Giraud também alertou sobre a gravidade do aquecimento global, a acidificação do oceano, a formação de um sexto continente com o lixo despejado no Oceano Pacífico, a elevação do nível dos mares e os rios que secam... “São consequências graves da emergência climática que hoje se tornou 'a' questão impossível de ignorar ou adiar”, reconheceu o autor.
Além disso, o autor francês tem defendido a redução do uso de plásticos (“bebemos um cartão de crédito por mês com a água que consumimos”, alertou, lembrando que o Vaticano reduziu o seu uso em 90%) e recomendou sermos mais sustentáveis reduzindo o consumo de carne (ele é vegetariano), comprando a comida certa e necessária para não desperdiçar (“a comida é produzida para 12 bilhões de pessoas e somos 8 bilhões de nós no planeta; 30% é desperdiçado”) e consumir produtos locais para evitar o impacto ecológico gerado pelo transporte.
"Bebemos um cartão de crédito por mês com a água que consumimos", alerta Gaël Giraud. (Foto: Aryfahmed | Canva Pro)

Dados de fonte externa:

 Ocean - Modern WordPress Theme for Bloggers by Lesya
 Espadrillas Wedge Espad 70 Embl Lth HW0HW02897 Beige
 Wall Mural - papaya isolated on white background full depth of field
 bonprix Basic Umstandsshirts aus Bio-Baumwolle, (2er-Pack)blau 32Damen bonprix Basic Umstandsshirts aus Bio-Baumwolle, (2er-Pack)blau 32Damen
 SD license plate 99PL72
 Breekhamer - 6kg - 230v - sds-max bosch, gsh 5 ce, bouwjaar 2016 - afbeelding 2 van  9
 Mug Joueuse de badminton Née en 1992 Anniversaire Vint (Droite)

'A revolução suave da transição ecológica' está estruturado em diferentes partes. A primeira analisa os princípios fundamentais em que se baseia o entendimento de economia e finanças. “A profunda cegueira deste último em relação aos desafios ecológicos é parcialmente responsável pela cegueira política e midiática que envolve toda a nossa sociedade”, diz Giraud. De sua análise surge a questão de enorme alcance: como refundar nossa teoria econômica mais elementar? Podemos pensar em uma economia relacional que abarque a antropologia proposta por Fratelli tutti ou a cosmologia relacional cristocêntrica da Laudato si'?
A segunda parte fala dos becos sem saída em que a sociedade se encontra. Seu desejo de alcançar nós complexos é motivado pela busca de soluções. "A história mostra que, sob pressão, o que sempre foi considerado impossível pode de repente tornar-se possível novamente". Esta análise aprofundada é seguida na terceira parte pela proposta de algumas pistas para reconstruir a Itália e, consequentemente, a Europa: "Como transformar o nosso continente se enfrentarmos seriamente os desafios ecológicos em um mundo pós-crescimento?", Giraud se pergunta.

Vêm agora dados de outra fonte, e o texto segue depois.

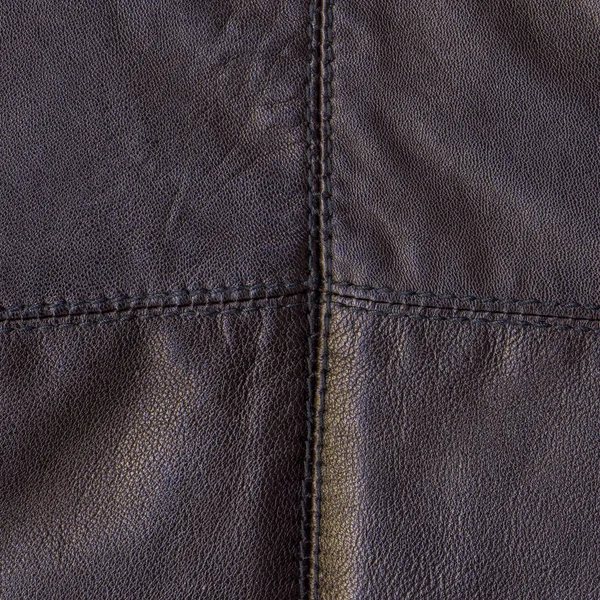 Violet Leather Background Seams Useful Design Works — Stock Photo, Image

A última parte busca a luz da Igreja para reler suas propostas. “Nossa Igreja não é uma ONG nem um partido político, mas Jesus Cristo, o acontecimento relacional que a fundou, sempre a convidou a participar do debate democrático para reconhecer os becos sem saída em que se perdem nossos modos de pensar, estimular a criatividade das instituições e ações e defender as vítimas de nossos erros: os mais frágeis, aqueles com quem Jesus sempre se alinhará”.
Versão em espanhol do livro de Giraud. (Foto: Divulgação)

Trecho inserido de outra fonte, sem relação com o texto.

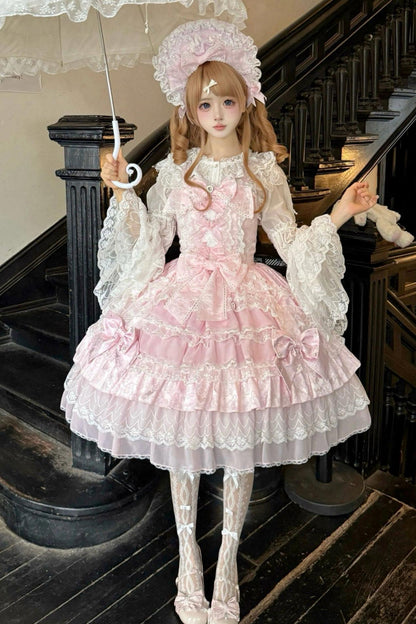 Doll Sweet Princess Lolita Dress + Bonnet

“As críticas que Gaël Giraud expressa em seu livro agitam, e isso é bom”, reconheceu Gonzalo Gómez Bengoechea, diretor do Departamento de Economia de Comillas, um dos responsáveis pela apresentação do livro. “Como analistas econômicos, devemos aproximar as pessoas da verdade no sentido mais amplo e ocupar o espaço entre o cidadão e a ciência, evitando que a política ou a mídia possam causar confusão”.
Por sua vez, Jaime Tatay, codiretor da Cátedra de Ciência, Tecnologia e Religião da Pontifícia Universidade de Comillas, que também participou da apresentação, destacou a capacidade de Giraud de explicar coisas complexas a um público não especializado e destacou "o potencial heurístico de conceitos teológicos que iluminam realidades como as econômicas”. A codiretora da mesma cátedra, Sara Lumbreras, participou neste diálogo on-line, coordenando as intervenções e fazendo uma ponte com o público.